▸ EXERCISE BRIEF
This calls for a verbatim copy of all the data, with no images carried over.

▸ GIVEN MATERIAL
+ + +

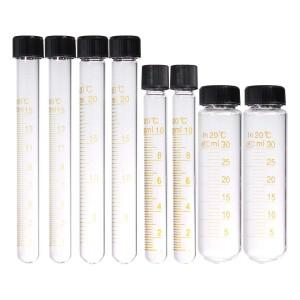 유리 원심 분리기  튜브 5ml 10ml 졸업 스크류 캡이있는 둥근 바닥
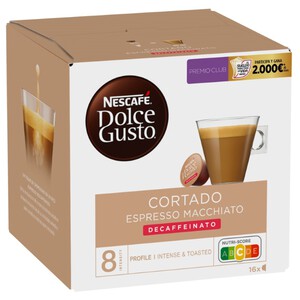 Imagen de DOLCE GUSTO Càpsules de cafè tallat descafeïnat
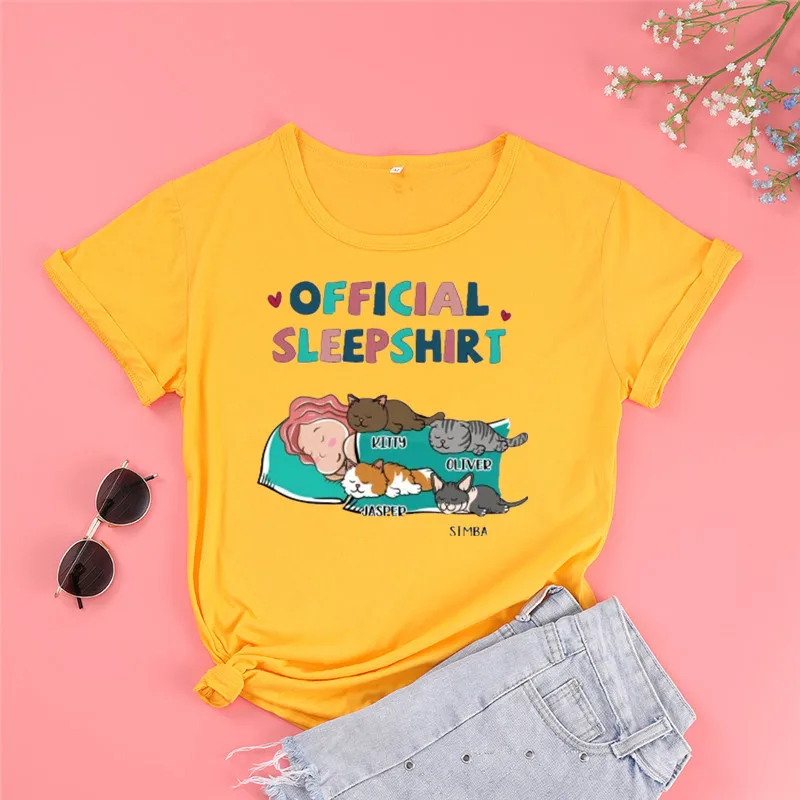 Personalized Cat Sleepshirt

+ + +

▸ EXPECTED ANSWER
 유리 원심 분리기  튜브 5ml 10ml 졸업 스크류 캡이있는 둥근 바닥
 Imagen de DOLCE GUSTO Càpsules de cafè tallat descafeïnat
 Personalized Cat Sleepshirt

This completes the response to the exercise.